5. An old feud between Congress and the president will be settled
In "a potentially significant separation-of-powers case," Zivotsky v. Clinton, the justices will weigh whether the State Department has to give parents the option of listing "Israel" as the birthplace in the passports of U.S. citizens born in contested Jerusalem, which the U.S. does not officially recognize as Israel's capital, says National Review's Adler. Congress said yes in 2002, and both the Obama and Bush administrations have ignored the law, arguing that the executive branch decides foreign policy, and that this is a political question that the courts should also stay out of. This case is a constitutional law professor's "dream," says The Atlantic's Epps: "Important issues with almost no real-world consequences."

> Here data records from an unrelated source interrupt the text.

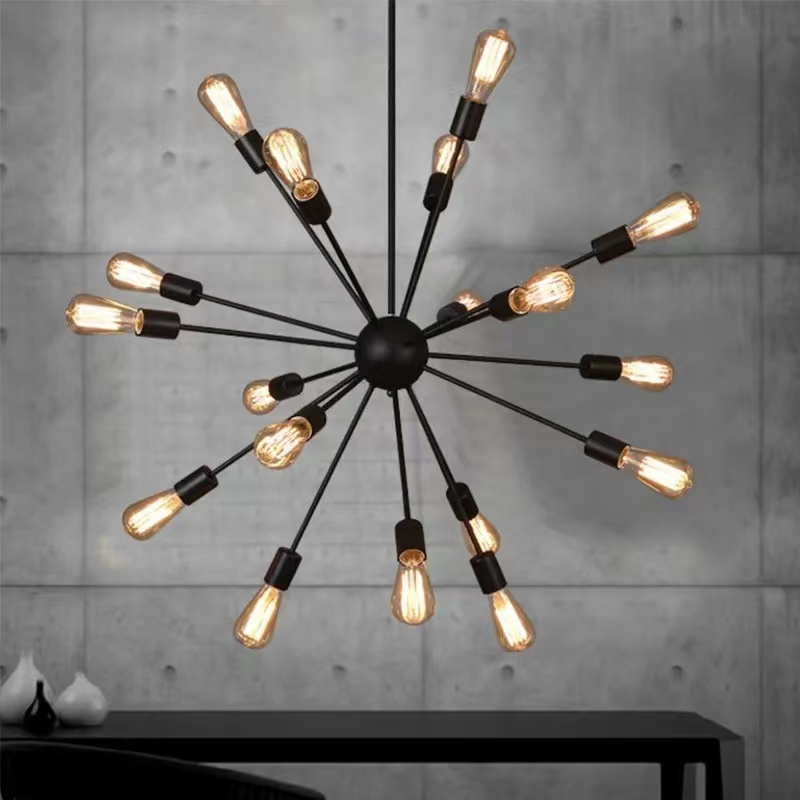 Modern Chandeliers Pendant Lamps Industrial Stair Lighting Fixtures Black Tube Spider Hanging Lamp Living Room Lighting Fixture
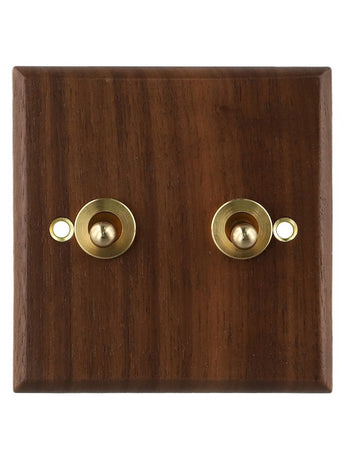 Toggle Light Rocker Switch 1/2 Way Retro Walnut Wood Plate Brass Lever 1 Gang Smile Home 2 Gang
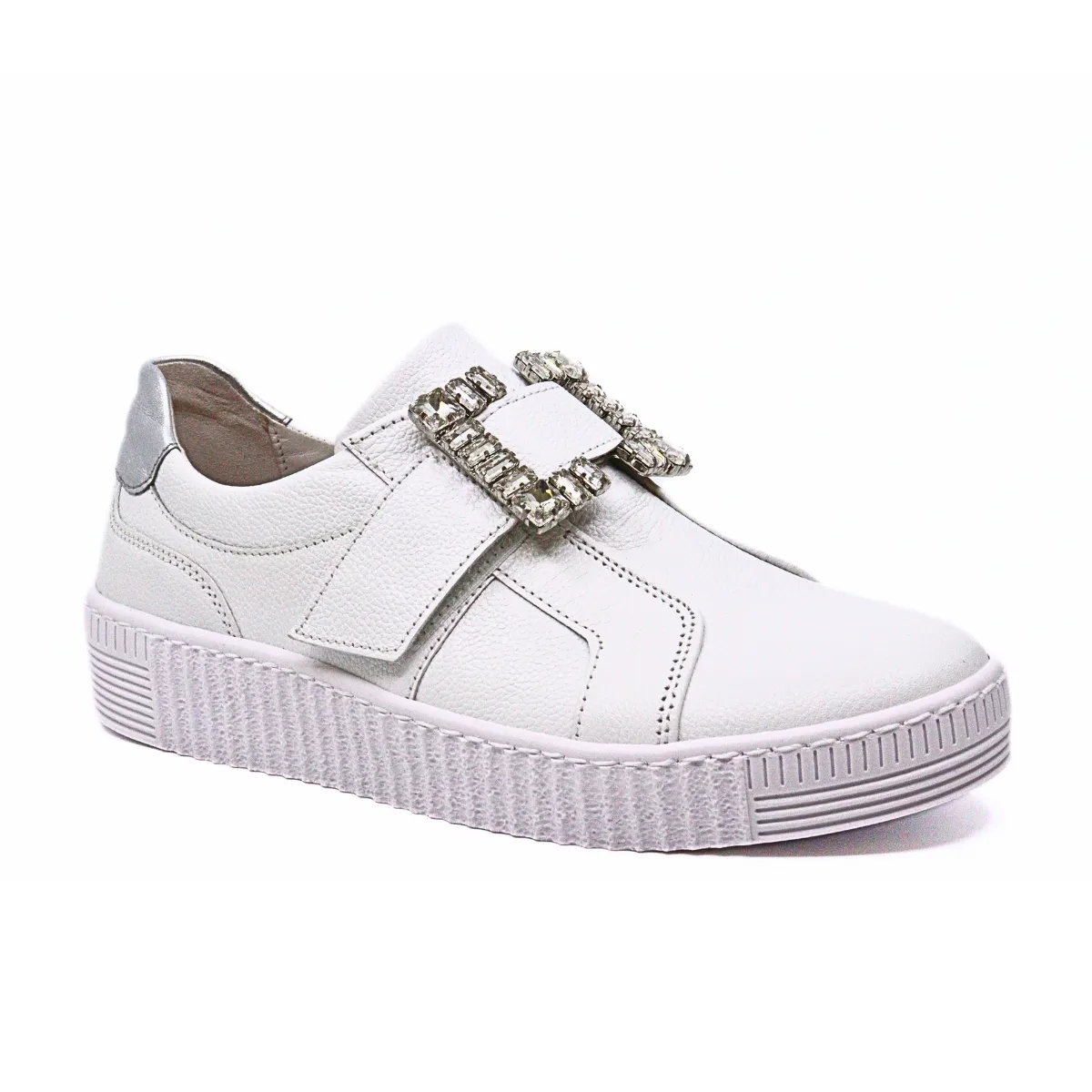 Brilliant Sneaker White Pebbled Leather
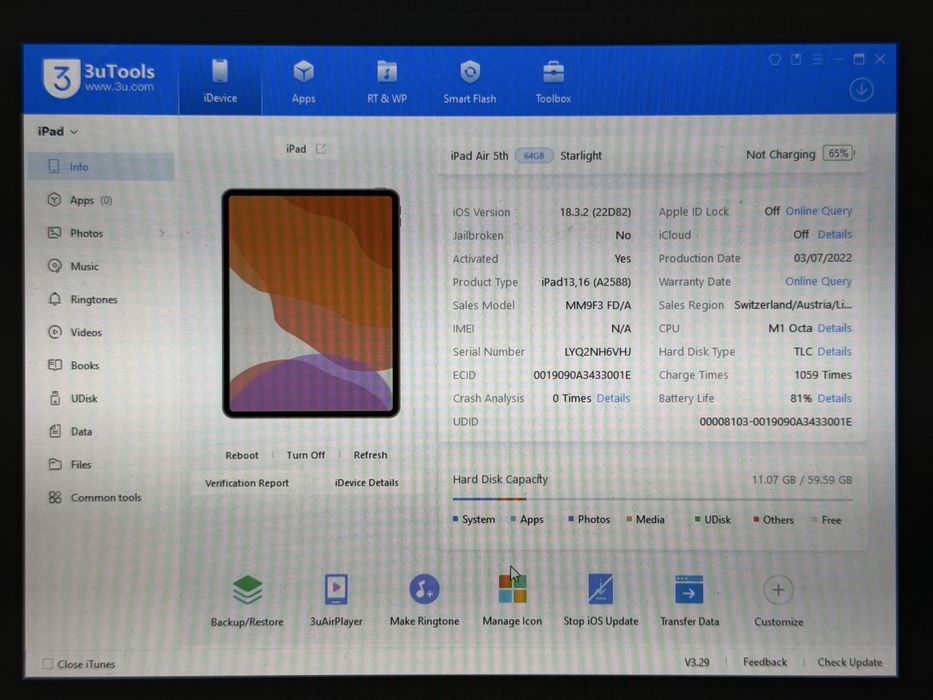 iPad Air 5 (A2588) - Apple M1 - 64GB - faktura VAT 23%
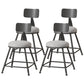 Modern Armless Backrest Counter Stool Iron Cafe Bar Stool with Leather Cushion Grey 4 Piece Set Short Stool(18"H) Clearhalo 'Bar Furniture' 'Bar Stools' 'bar_stools' 'furn' 'furn_bar_stools' 'Furniture' 'furniture_bar_stools' 'Kitchen & Dining Furniture' 5042771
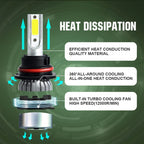 2pcs 9007 18W 1800LM 6000K Waterproof IP68 Car Auto LED Headlight with 2 COB LED Lamps, DC 9-36V, 9007
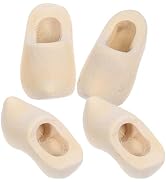 Miniature Wooden Shoes Doll Unfinished Wood Shoes 2 Pairs Blank Mini House Decor Dollhouse for DI...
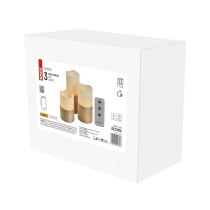 LED Dekoration – 3x Wachskerze mit Kordel, 3x 3x AAA, Innen, Vintage, Fernbedienung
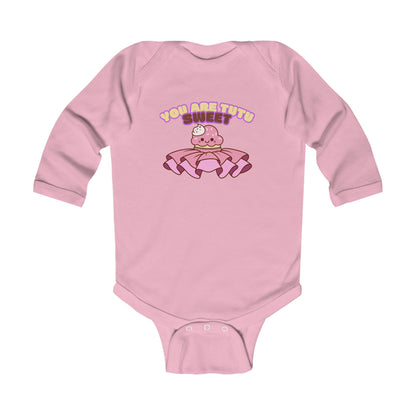 "You Are Tutu Sweet" Infant Long Sleeve Bodysuit – Kawaii Cupcake in Tutu Graphic Baby Outfit for Dance-Loving Families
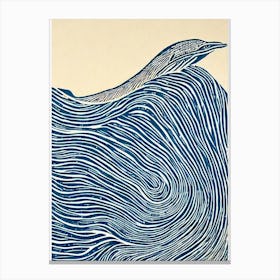 Blue Whale II Linocut Canvas Print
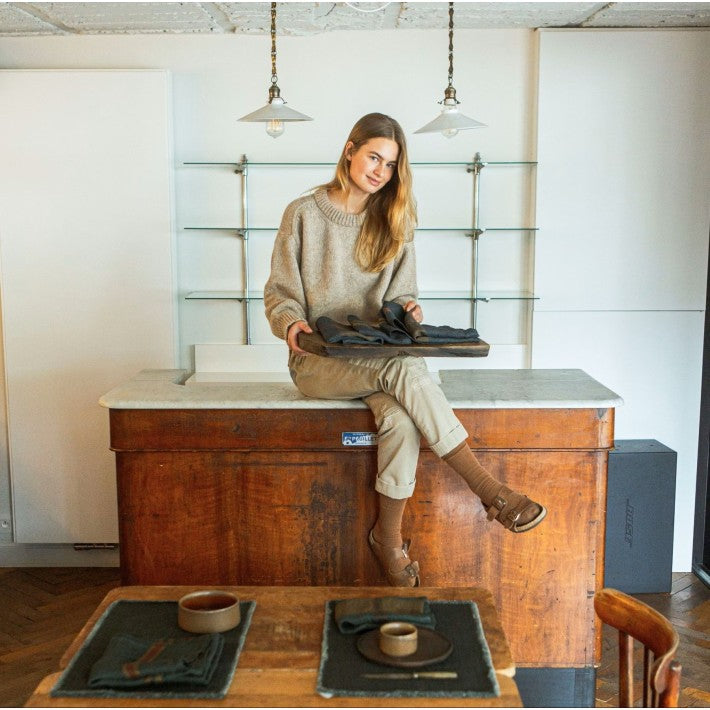 Mantel individual Jasper Place Faded Black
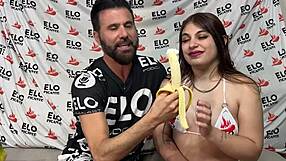 valentina alva spanks her big latina ass with a banana to heat things up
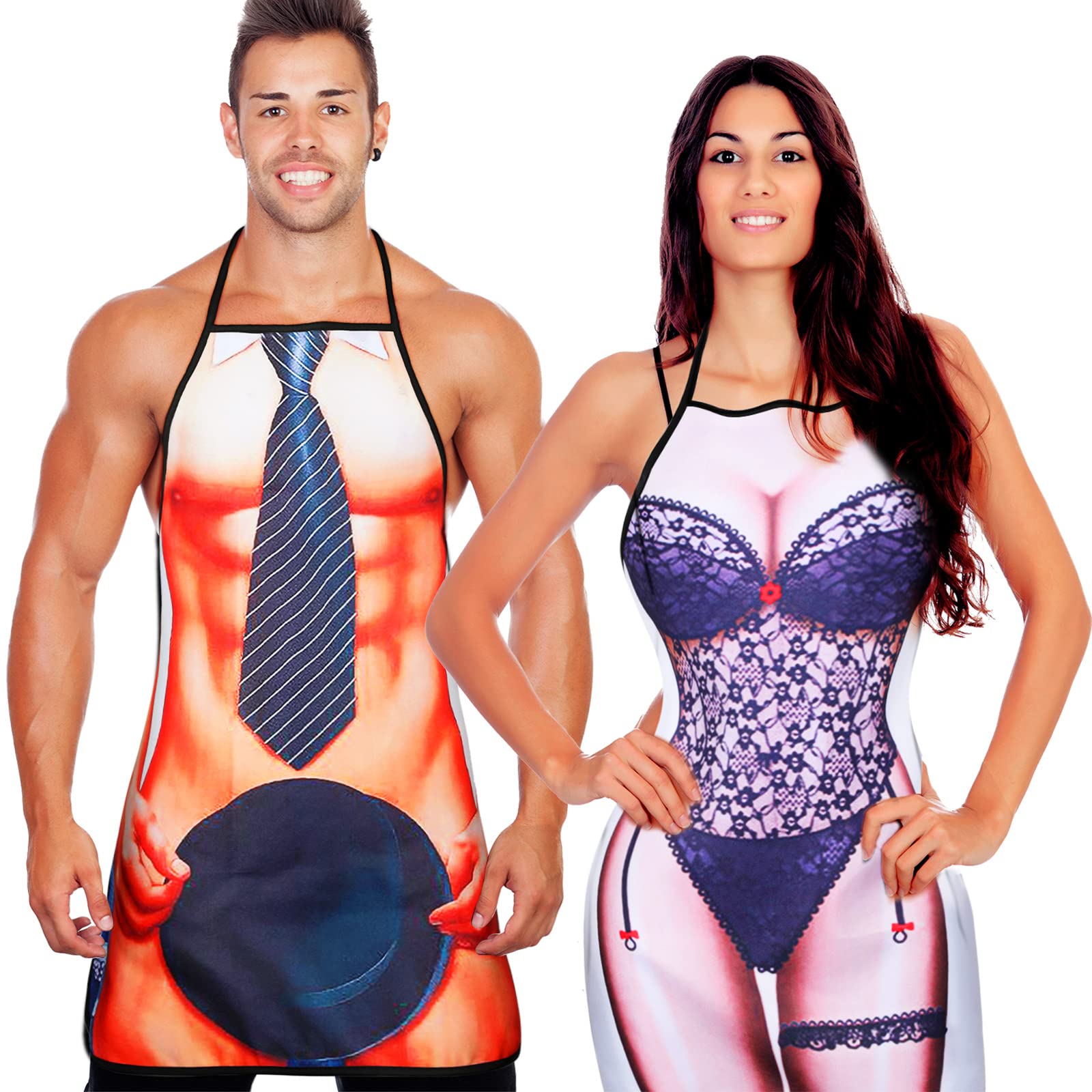 Neer 2 Pcs Funny Gifts for Men Women Set Apron Muscle Aprons for Men Adjustable Waterproof Cooking Chef Apron Kitchen Aprons for Women for Xmas BBQ Party Adults Couples(Lace Style)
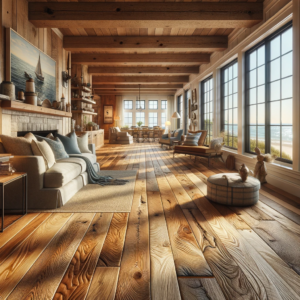 Rustic hardwood floor in a cozy, beach-inspired Long Island home.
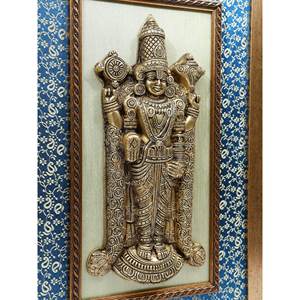21\" Tirupati Balaji (Venkateshvara) Wood <b>Framed</b> Brass Sculpture <b>Wall</b> Hanging Decorative <b>Art</b> Piece - Product Image 3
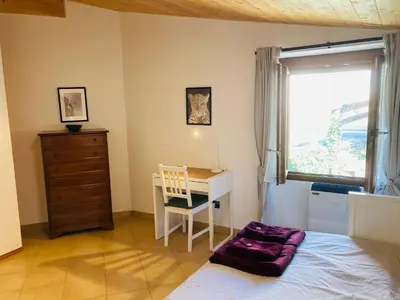 Letto o letti in una camera di Casa nella natura a Bobbio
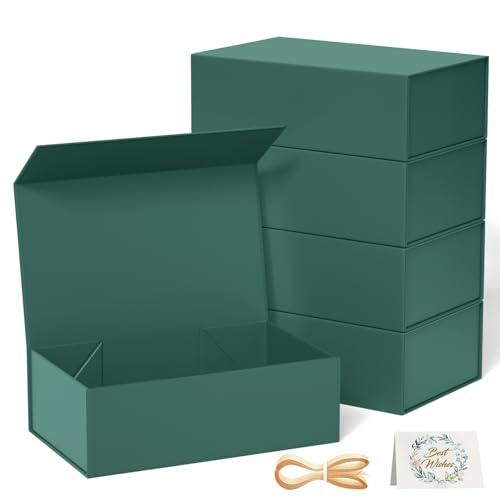 RYDDOY 5 Pack Green Gift Box 95x6x3 Gift box for Presents with Lids Magnetic Closure Rectangle Collapsible for Bridesmaid Proposal Box Wedding Christmas Halloween Birthday Gift Packging - Image 1
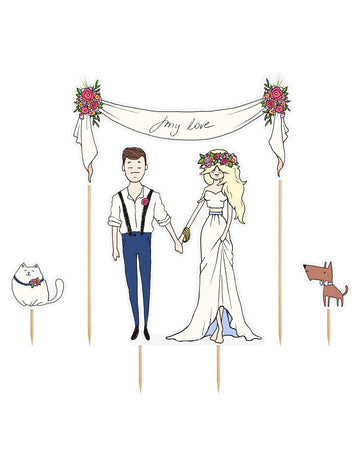 4 boemska ukrasa za vjenčanu tortu, 8 vintage ukrasa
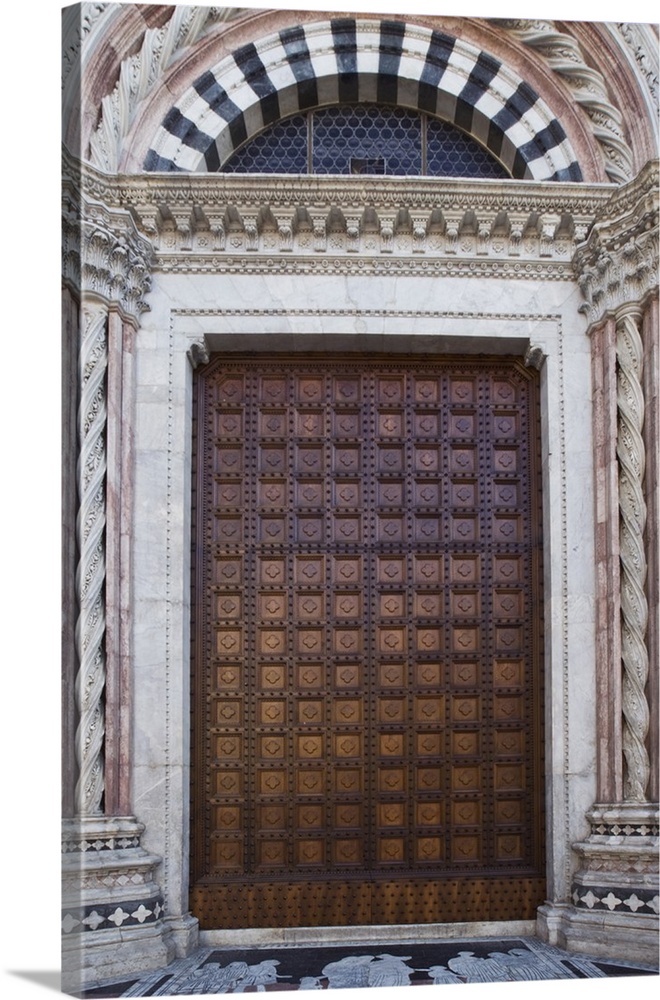 Europe, Italy, Tuscany, Siena. Close-up of front door to the Duomo or local cathedral.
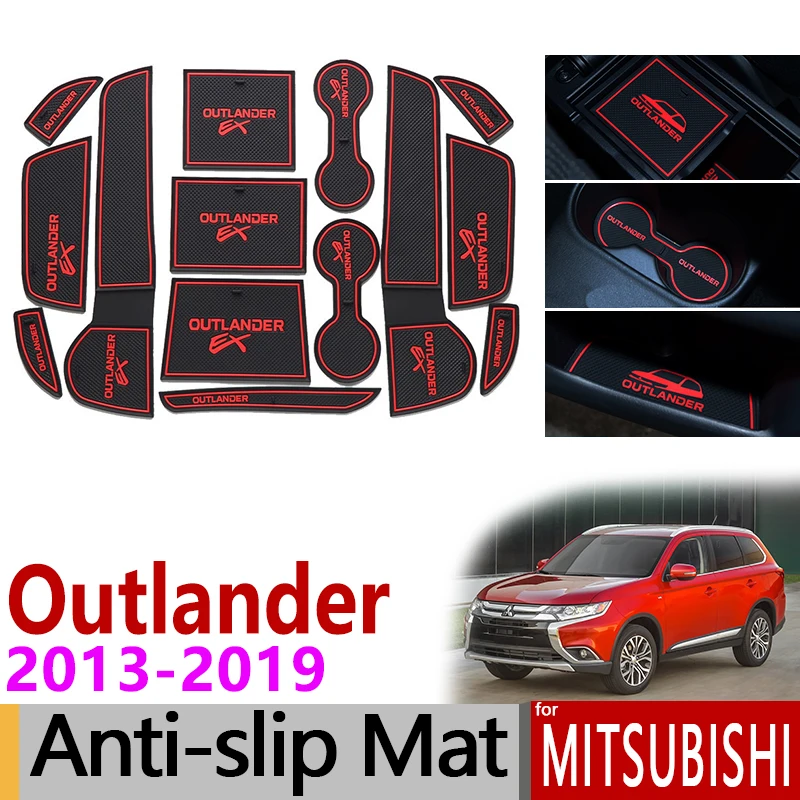 Автомобильный Гаджет коврик для Mitsubishi Outlander 2013 3rd Gen Мобильные аксессуары гелевая накладка резиновая ворота Слот коврики чашки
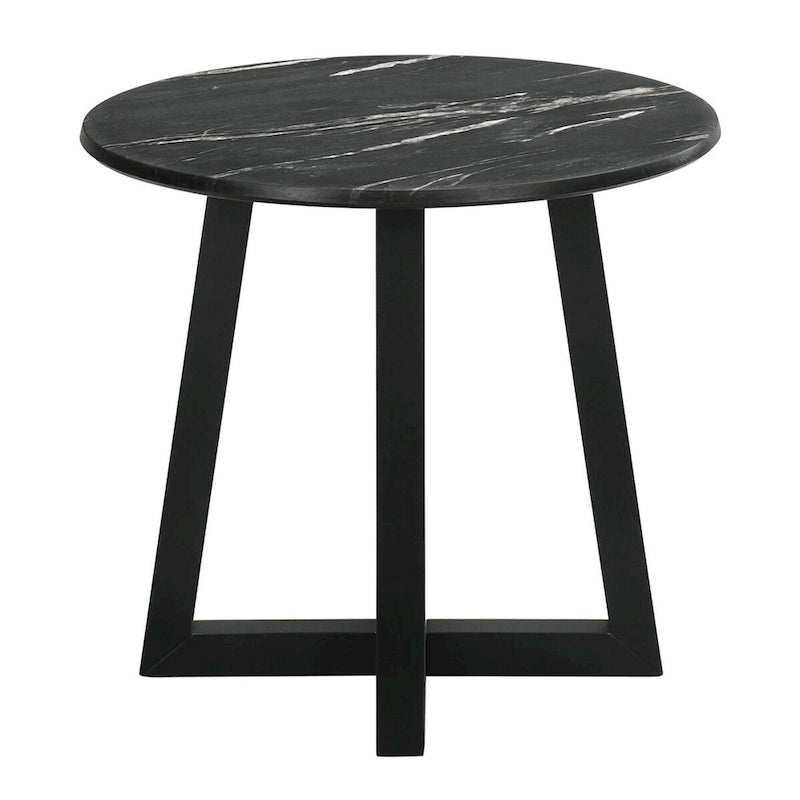 Table d'appoint noire Enlow avec plateau effet marbre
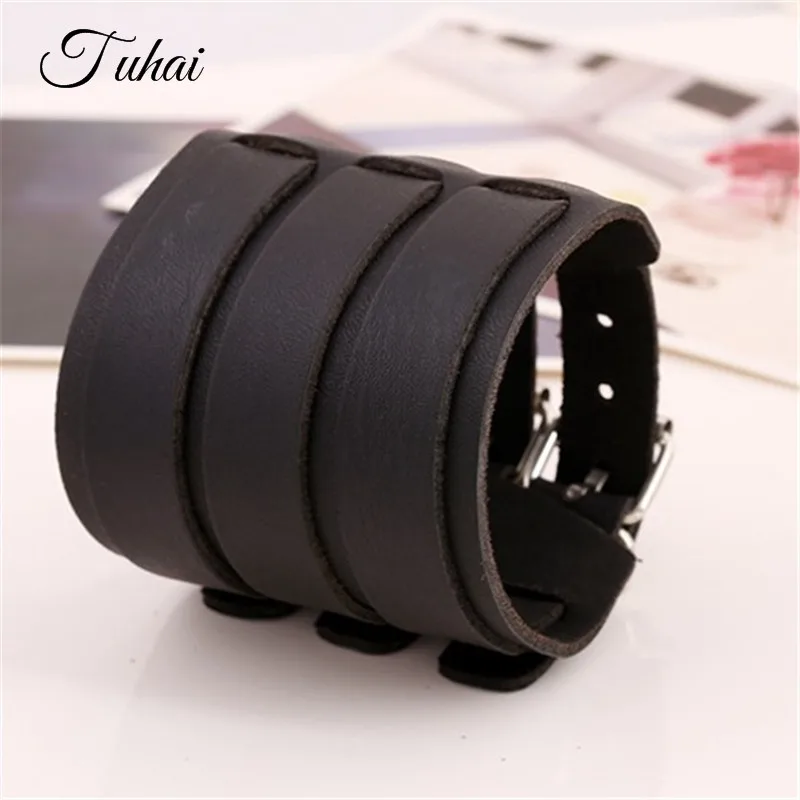Винтажный большой широкий кожаный браслет для мужчин винтажные браслеты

6. The justices are poised to roil criminal courts nationwide
In Perry v. New Hampshire, a case with very literal life-and-death consequences, the Supreme Court will examine the reliability of eyewitness testimony, says Cohen. "This case could turn out to be the most important of the term because eyewitness testimony is so prevalent in criminal cases all over the country," and so often flawed. And in Williams v. Illinois, justices will hear a challenge to DNA evidence, and who can present it in court. The question on everyone's mind is, "How far will the justices be willing to go to change rules that affect tens of thousands of cases each year?"